04/09/2018 Área: Instituciones Públicas Fuente: El Mundo

Hay dos errores extendidos entre los intelectuales que, desde la ciudad, se acercan al medio rural en España. Uno es exagerar las necesidades de sus habitantes hasta el punto de delinear un retrato funesto, tétrico, casi de abandono total. Un paisaje mortecino que, sin menoscabo del quejido de las comarcas de tierra adentro, no se corresponde con el bienestar que proporcionan las parameras del silencio. El otro error es exagerar lo contrario: el relato bucólico, la hipérbole pintoresca, la prosa noventayochista aferrada a la miopía de quien otea una colección de tópicos.
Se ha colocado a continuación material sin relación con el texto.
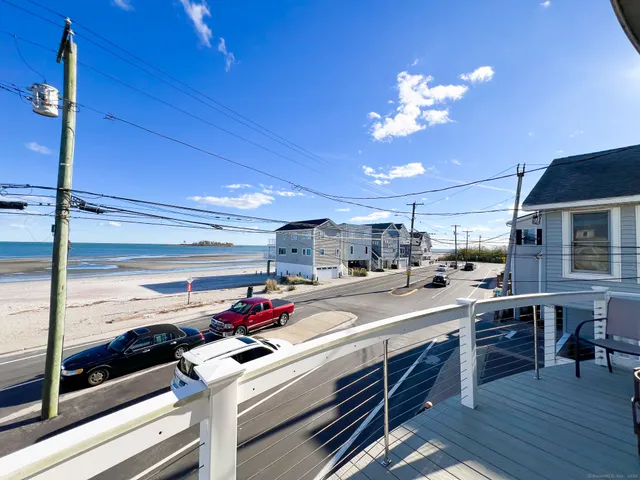 a kitchen with kitchen island granite countertop a sink cabinets and wooden floor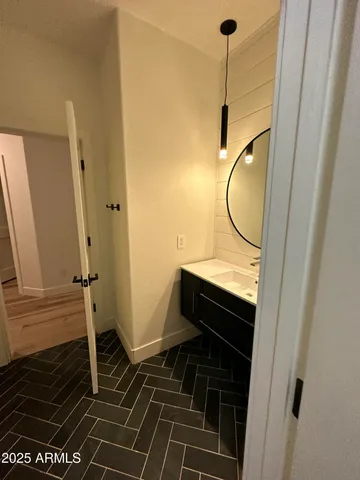 a bathroom with a mirror and a shower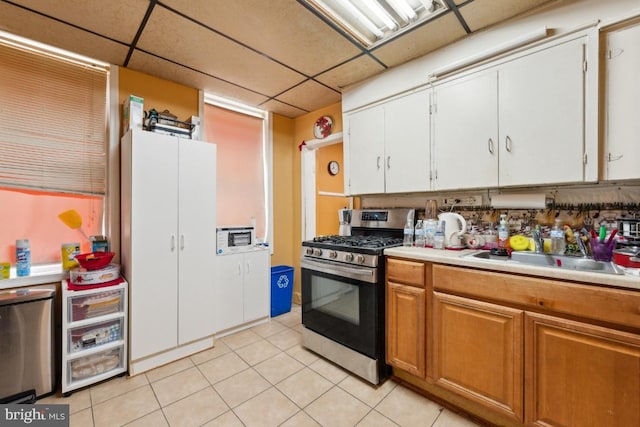 kitchen featuring light tile patterned flooring, a paneled ceiling, refrigerator, sink, and stainless steel gas range oven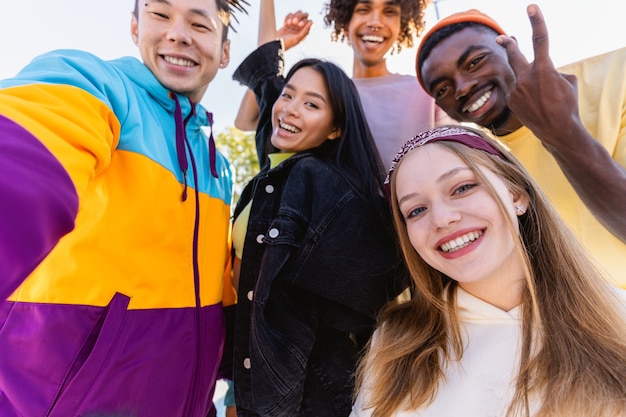 Foto gruppo multiculturale di giovani amici che si uniscono all'aperto e si divertono - ragazzi alla moda e alla moda che si riuniscono allo skate park urbano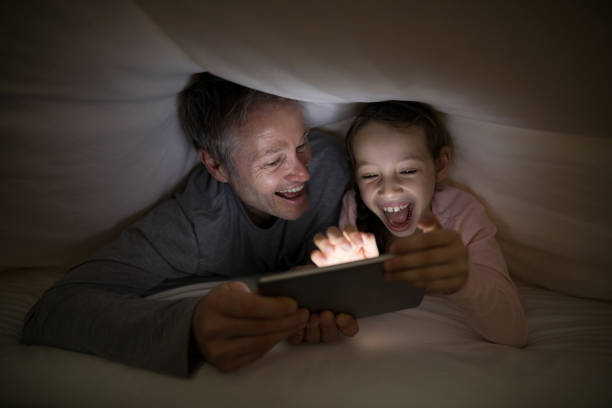 istock Father and daughter using digital tablet under blanket on bed 838109822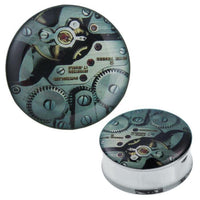 Load image into Gallery viewer, A round Plug Tunnel Uhrwerk in green stainless steel and acrylic with a top lid featuring Metalluhrwerk Zahnräder and gears, shown from above and at an angle.
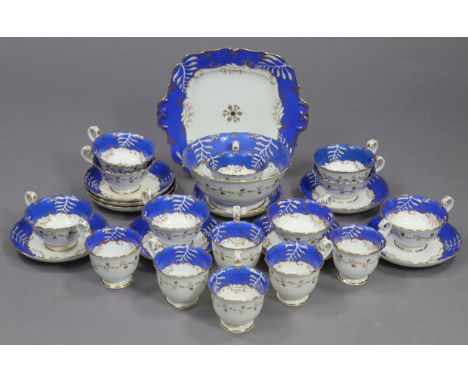 A late Victorian china twenty-six piece part tea &amp; coffee service of white ground with blue borders having foliate decora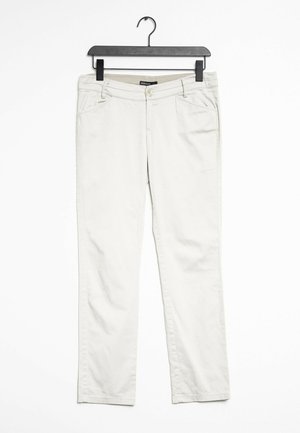 Pantalones de algodón beige con un diseño de corte recto, que cuentan con bolsillos frontales y un cierre de botón en la cintura, colgados de una percha negra.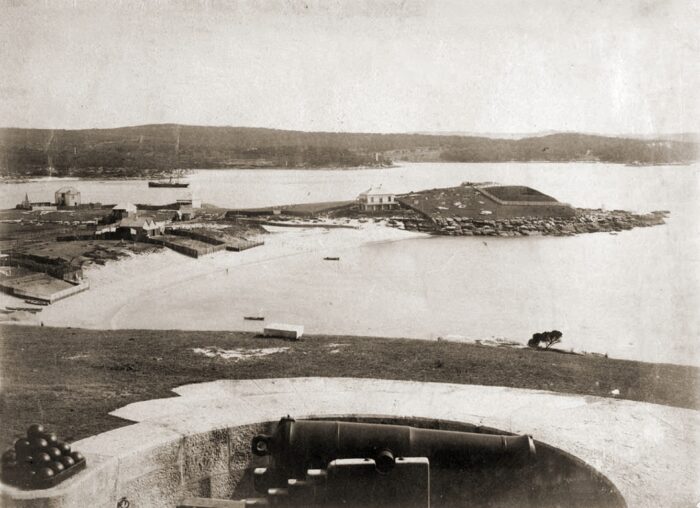 an archival photograph of a research station on a bay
La ilusión de vivir, según Pasolini en La larga carretera de arena (Gallo Nero), entre una "raza purísima, elegante, fuerte y dulce".

Encontrar el equilibrio a la hora de escarbar en la España donde habita el olvido -que, por cierto, es verso original de Bécquer y no de Cernuda- resulta tarea compleja. Varios ensayos de éxito han rescatado el éxodo rural y los políticos lo han incorporado de forma inane y superficial a su portafolio de ocasión. Patearse las siete leguas de las mesetas ayuda a no incurrir en la servidumbre de las generalizaciones. La realidad demográfica de nuestro país es poliédrica y, por tanto, exige soluciones a medida. No obstante, se hace difícil no abusar de los prejuicios después de tanto cebar el perfil estereotipado: un caserío en el altozano, un castillo sobre el alcor, unas callejas polvorientas, unos mozos que ya no están, un cura con sotana y un lavadero en extramuros. Hace tiempo que las aldeas que surcan las veredas de Castilla y Aragón dejaron de ser, en el decir de Unamuno, "un barbecho de casas tísicas" (Apuntes de un viaje por Francia, Italia y Suiza, Oportet Editores). Pero el mito del agro de los poetas latinos permanece inalterable. Ahí sigue, el muy cabrón. Macerando la fisonomía de collados y ribazos desde la indulgencia y el desconocimiento.

Tal vez por ello es necesario aprovechar esta ventolera de inquietud por la despoblación para dar fe, sin tremendismo ni almíbar, del último grito antes de la extinción. No es lo mismo aterrizar sobre las trochas del terruño desde la altivez de quien explora un continente por descubrir, ya sea con abarcas o sobre ruedas; que zambullirse en el paisanaje cual Azorín en las posadas finiseculares. El punto de observación cambia y, con ello, la proyección de la mirada. Por eso, más que repartir incienso en el atardecer de Macondo, quizá conviene ver los claros del vallejo sin esconder sus angosturas.